Norwegian oil and gas company Equinor has acquired a 50% stake in the Bałtyk I offshore windfarm in Poland from Polish energy company Polenergia for an undisclosed fee.
Bałtyk I has the potential to have a capacity of 1,560MW under its location license when it is completed. As part of its ownership stake in the windfarm, Equinor will be responsible for the construction and operation phases of the project.
With the acquisition of Bałtyk I, Equinor now has an interest in all three of the Bałtyk offshore wind projects. Bałtyk II and III have the potential to have a combined capacity of 1,440MW when completed between 2025 and 2027, with Equinor also having a 50% stake in the two windfarms. Equinor and Polenergia will work together on the three windfarms as part of a 50/50 joint venture.
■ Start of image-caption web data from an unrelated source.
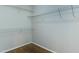 Walk-in closet featuring hardwood floors and wire shelving at 1310 Southgate Dr, Raleigh, NC 27610
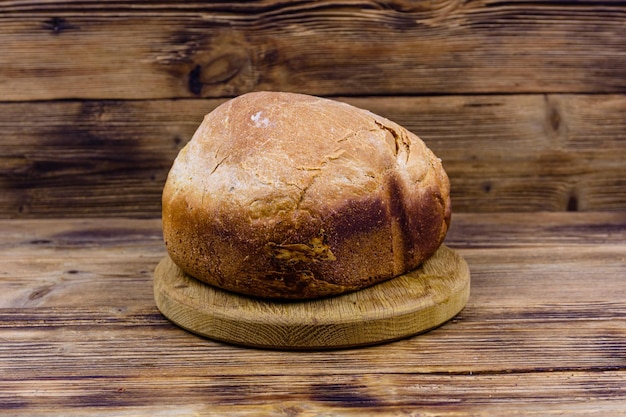 Laib frisch gebackenes Brot auf einem Holztisch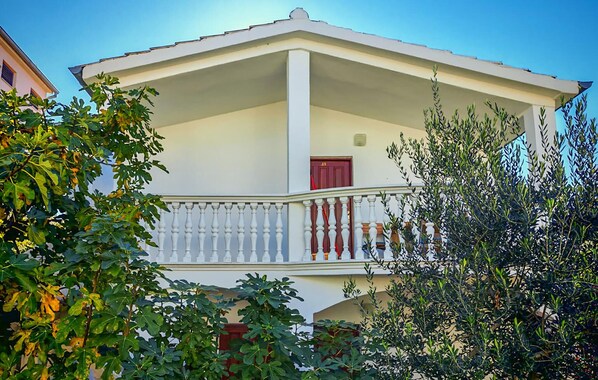 A two-story building with a balcony, white walls, and a red door. - 1 bedroom amazing apartment in Vodice (Vodice)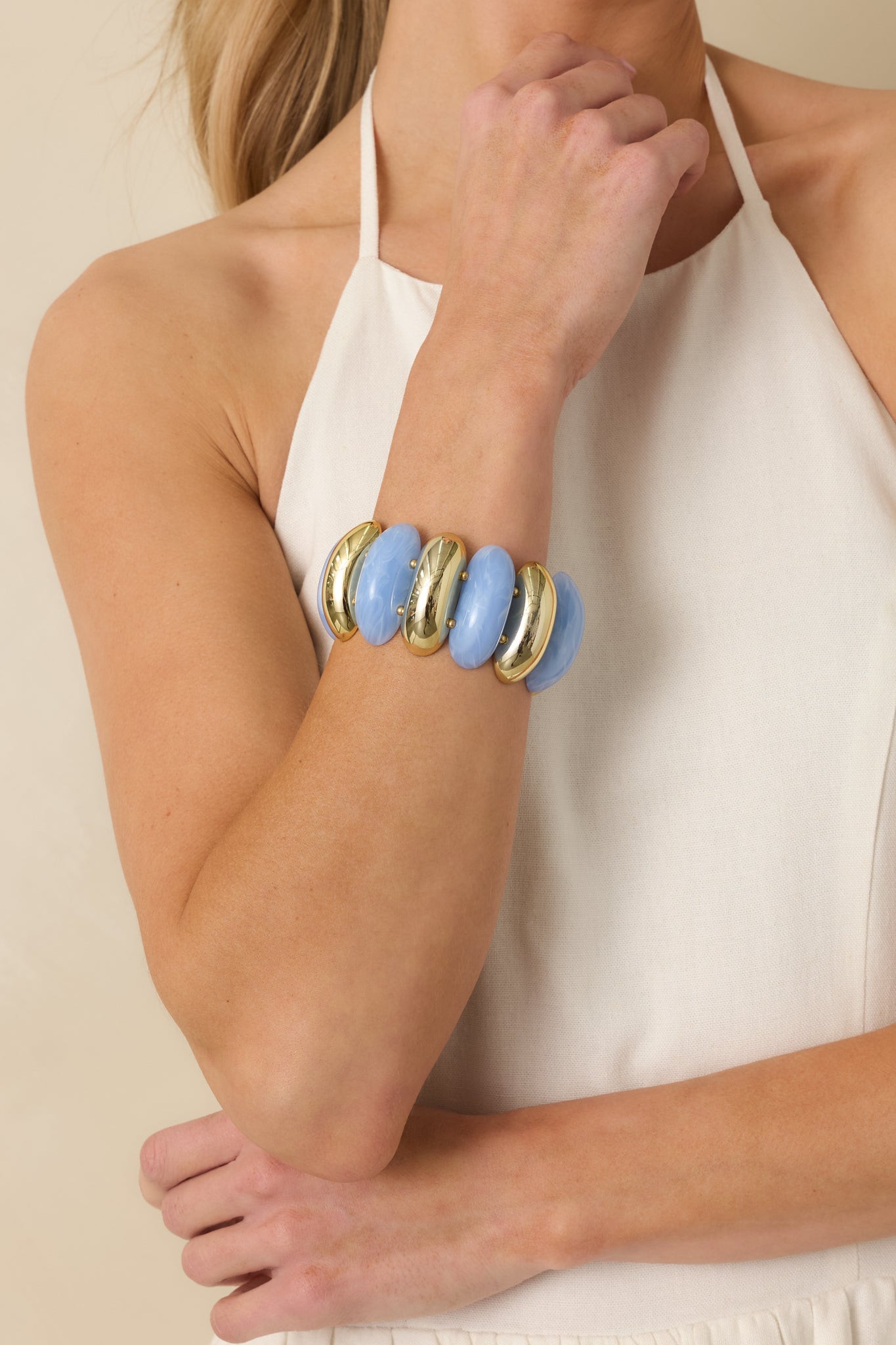 Close-cropped view of the two-row stretch bracelet highlighting the stone-like blue beads and polished gold accents.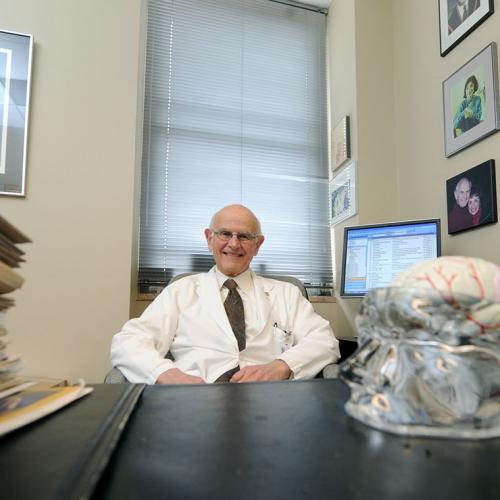 Charles Tator grins as he sits at his office desk, which holds a plastic model of the human brain.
Equinor senior vice president for business development Jens Økland said: “The acquisition of Bałtyk I strengthens our presence in the Baltic Sea area. With interest in all three Bałtyk projects, we have the opportunity to build scale and value in what we see as an important energy region.
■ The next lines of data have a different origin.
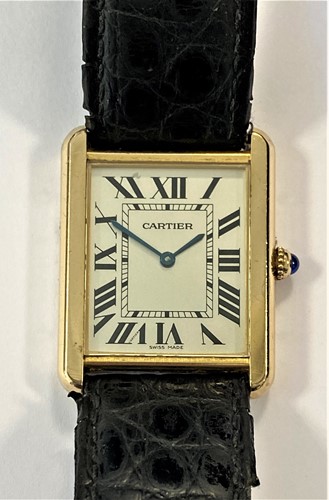 Lot 235 - Cartier - A Swiss 18ct gold and stainless steel 'Tank Solo' wristwatch
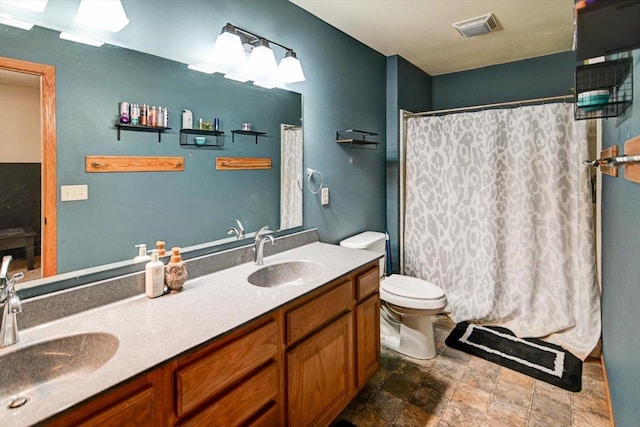 bathroom featuring vanity, toilet, and a shower with shower curtain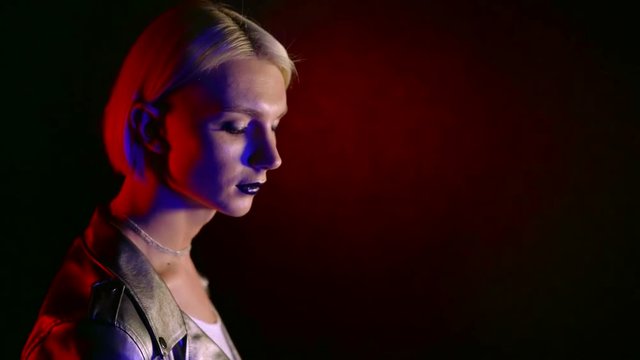 close-up portrait of a cute male bisexual blonde with black lipstick on her lips in a dark room in the light of blue and red neon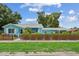 Charming light-blue home with a well-maintained lawn and decorative brown picket fence enhancing the curb appeal at 500 45Th S St, St Petersburg, FL 33711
“Poland is an important market for Equinor and we are pleased to continue our partnership with Polenergia, which is an experienced energy company with an in-depth knowledge of the Polish energy market.”
Equinor’s stock price is currently NOK168 ($18.28) a share on the Oslo Stock Exchange, giving the company a market capitalisation value of NOK568.4bn ($61.8bn).
Equinor share price 2019
Equinor and renewable energy
Historically an oil and gas company, Equinor has made several moves in the renewable energy industry in recent years.
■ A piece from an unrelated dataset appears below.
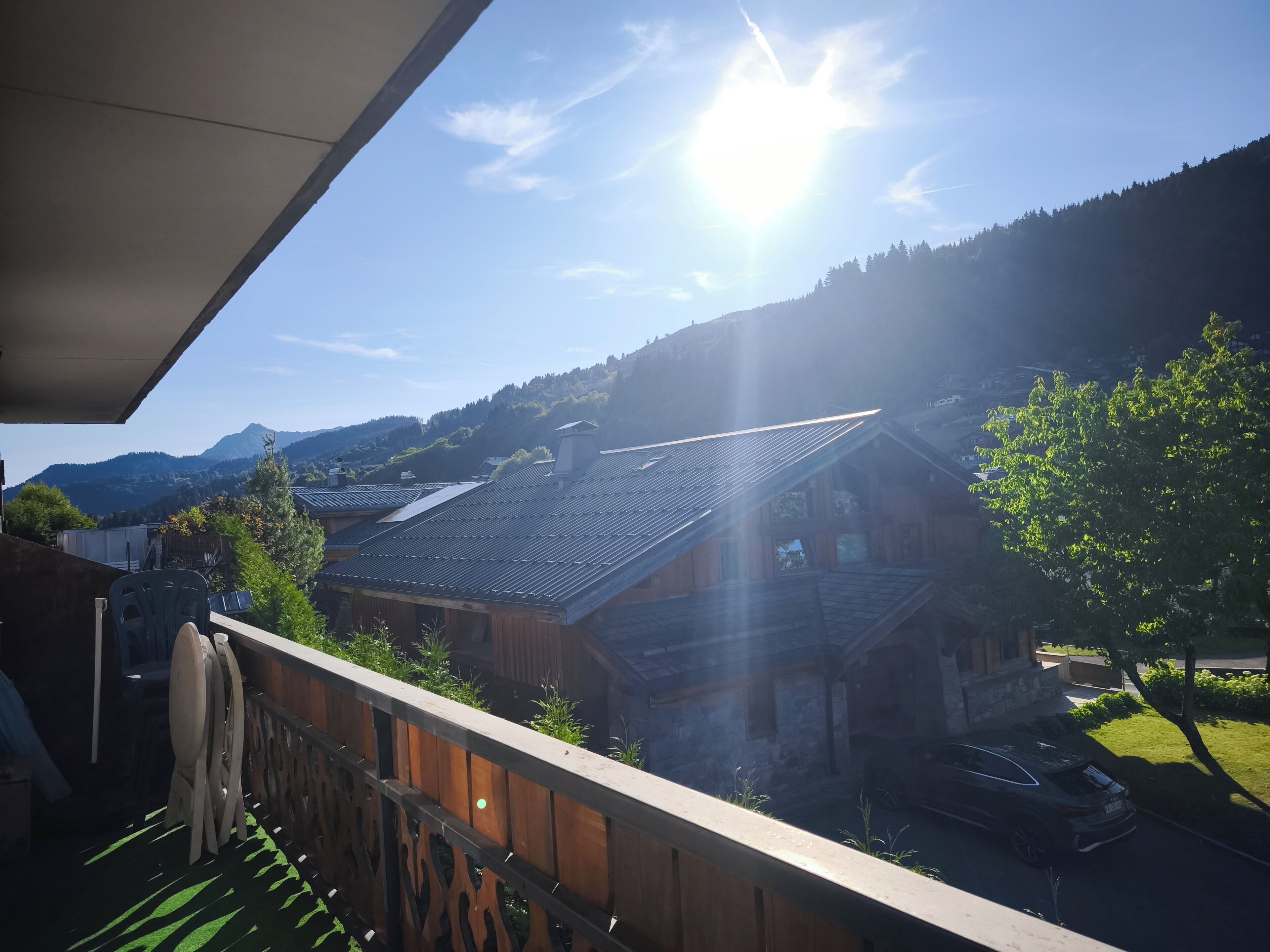 A balcony with a view of traditional wooden houses, a clear sky, and a mountain in the background.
Alongside its partnership with Polenergia, Equinor has also joined with UAE-based company Masdar to share offshore wind data as part of the UK’s Offshore Renewable Energy Catapult in November 2019. It has also joined with the Electricity Supply Board in Ireland to develop offshore wind projects together in the same month.
Equinor has also invested $500m to develop the Hywind Tampen floating offshore windfarm to power its Snorre and Gullfaks offshore oil platforms.